Data entries
^^^^^^^^
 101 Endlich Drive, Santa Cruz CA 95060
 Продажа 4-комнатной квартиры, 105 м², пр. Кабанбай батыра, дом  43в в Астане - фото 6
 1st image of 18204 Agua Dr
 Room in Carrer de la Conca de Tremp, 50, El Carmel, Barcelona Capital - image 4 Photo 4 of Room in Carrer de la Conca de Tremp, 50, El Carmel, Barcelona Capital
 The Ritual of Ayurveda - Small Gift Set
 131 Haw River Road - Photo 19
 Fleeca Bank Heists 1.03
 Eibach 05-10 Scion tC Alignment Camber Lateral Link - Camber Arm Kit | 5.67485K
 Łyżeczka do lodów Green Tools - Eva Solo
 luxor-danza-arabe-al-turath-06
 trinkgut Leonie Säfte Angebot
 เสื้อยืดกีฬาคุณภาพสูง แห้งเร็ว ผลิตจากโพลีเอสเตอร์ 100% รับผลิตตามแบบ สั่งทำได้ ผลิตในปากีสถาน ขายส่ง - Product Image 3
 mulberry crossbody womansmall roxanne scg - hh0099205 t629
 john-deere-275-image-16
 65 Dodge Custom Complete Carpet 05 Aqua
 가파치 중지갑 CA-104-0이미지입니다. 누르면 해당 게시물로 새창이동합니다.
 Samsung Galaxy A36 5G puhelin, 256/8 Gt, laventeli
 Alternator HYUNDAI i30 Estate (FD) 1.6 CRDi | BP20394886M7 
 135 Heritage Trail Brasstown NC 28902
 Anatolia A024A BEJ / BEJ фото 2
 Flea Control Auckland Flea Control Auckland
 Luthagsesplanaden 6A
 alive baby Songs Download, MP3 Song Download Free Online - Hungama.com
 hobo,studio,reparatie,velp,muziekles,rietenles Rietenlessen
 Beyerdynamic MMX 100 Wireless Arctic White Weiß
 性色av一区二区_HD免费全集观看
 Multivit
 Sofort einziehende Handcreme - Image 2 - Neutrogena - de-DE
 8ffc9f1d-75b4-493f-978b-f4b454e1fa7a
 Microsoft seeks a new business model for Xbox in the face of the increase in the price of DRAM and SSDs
^^^^^^^^
WORK TASK
Search the data and copy each line containing "Photo".

SOLVED EXERCISE
 Room in Carrer de la Conca de Tremp, 50, El Carmel, Barcelona Capital - image 4 Photo 4 of Room in Carrer de la Conca de Tremp, 50, El Carmel, Barcelona Capital
 131 Haw River Road - Photo 19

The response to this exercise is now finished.